Et l'homme tout court ?
Proche de ses racines, Cheikh Anta Diop est le père d'une famille qu'il a eue avec une Française Louise-Marie Maes Diop, professeur certifiée d'histoire et de géographie, docteur d'État en géographie humaine, disparue en mars 2016 et enterrée à côté de son défunt mari à Caytu, au cœur du Sénégal. Si Cheikh Anta a donné comme prénom à ses deux premiers enfants celui de ses oncle et père, il a donné à ses deux derniers enfants des prénoms de résistants africains : Candace en hommage à une mythique reine soudanaise qui résista à l'envahisseur romain et envahit une partie de l'Égypte, et Kenyatta en hommage à Jomo Kenyatta, le père de l'indépendance kényane. Cheikh Mbacké Diop, son aîné, est physicien nucléaire. Il travaille à l'université Cheikh-Anta-Diop de Dakar ainsi qu'au laboratoire de physique nucléaire de Gif-Sur-Yvette en France où son père avait été formé. Il a écrit une biographie de son père en 2003 et a participé à la publication posthume de Nouvelles Recherches sur l'Égyptien ancien et les langues négro-africaines modernes (Présence africaine 1988).
Que reste-t-il de Cheikh Anta Diop ?
31 ans après sa mort, que reste-t-il de l'œuvre de celui que nombre d'Africains considèrent comme un colosse ? Chercheur humble et constant, révolutionnaire, créateur des sciences africaines modernes, Cheikh Anta Diop est avant tout un humaniste. La vérité historique qu'il a (r-)établie a permis de démontrer scientifiquement que le continent à l'origine de l'humanité est d'égale valeur historique que les autres. De quoi nourrir l'idée que les peuples africains doivent, avant tout, connaître leur histoire mais aussi que l'humanité, une fois débarrassée du concept de « race », pourra mieux appréhender l'homme dans sa globalité et se réconcilier enfin avec elle-même.
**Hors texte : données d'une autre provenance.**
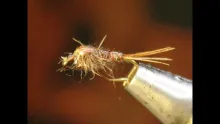 Video thumb for Flashback Hare's Ear Nymph
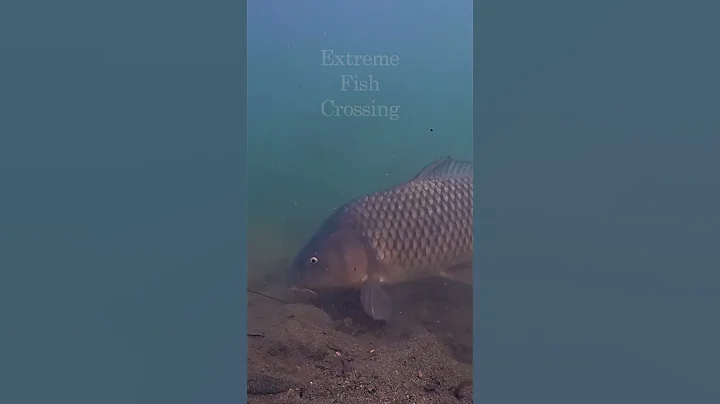 Never Let Your Guard Down…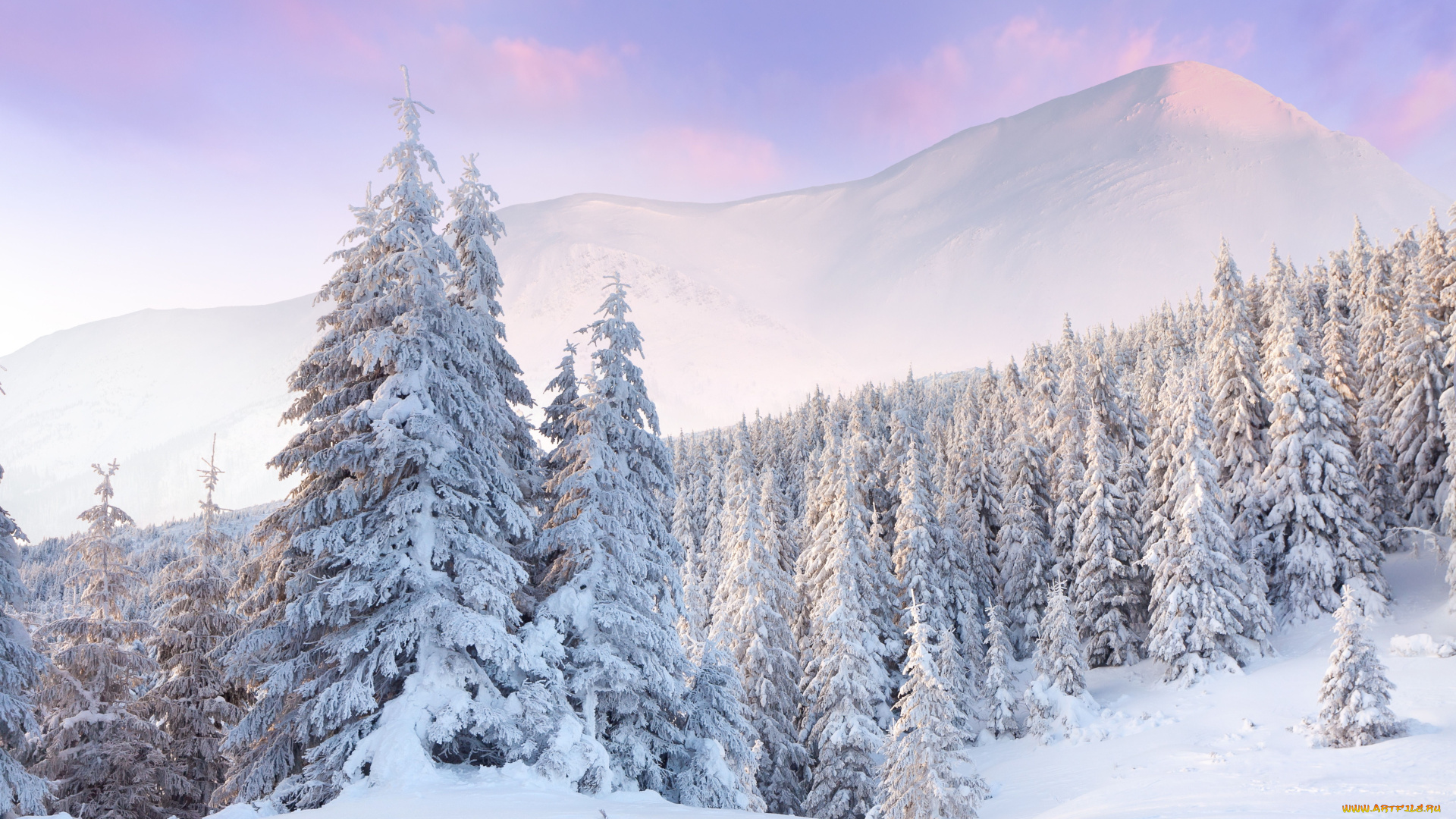 природа, зима, горы, ели, снег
Théophile Obenga, philosophe, linguiste, égyptologue et historien congolais fut élève puis chercheur associé à l'Ifan. Il est aujourd'hui l'héritier de Cheikh Anta Diop. Il a écrit plusieurs ouvrages en relation avec les thèses de Cheikh Anta Diop et dirige la revue d'égyptologie ANKH. Des écoles d'égyptologie existent en Afrique, notamment à Yaoundé, au Cameroun, où des chercheurs continuent le travail d'exploration des civilisations noires antiques. Des historiens sénégalais comme Boubacar Lam (spécialiste des migrations), Babacar Sall (origine des Égyptiens noirs) ou les linguistes camerounais Gilbert Ngom et Oum Ndigila assurent la relève du travail entamé par Cheikh Anta Diop. Khadim Ndiaye, chercheur et philosophe sénégalais, œuvre pour que l'ouvrage Nations nègres et culturesoit enseigné dans les écoles africaines.
En 1986, l'Institut fondamental d'Afrique noire (Ifan) est rebaptisé Ifan-CAD. Depuis 1987, l'université principale de Dakar porte son nom. En France, Anse-Bertrand en Guadeloupe possède une avenue, une rue, une bibliothèque, un centre culturel qui portent le nom de Cheikh Anta Diop. Andrew Young, l'un des compagnons de lutte de Martin Luther King, et ancien maire d'Atlanta, a décrété le 4 avril 1985, jour Cheikh Anta Diop. La même année, l'université noire Morehouse d'Atlanta lui a décerné un diplôme docteur honoris causa. Côté musique, le pianiste et compositeur de jazz, Randy Weston lui a dédié son album Khepera (1998 Universal Music). Dans la mythologie égyptienne, Khepera est la manifestation vivante du Dieu-Soleil. Dans cet album, Randy Weston s'est entouré de Pharaoh Sanders (on ne peut pas l'inventer !) et Talib Kweli, musiciens africains américains, saxophoniste de jazz et hip-hop MC qui ont embrassé leur héritage africain.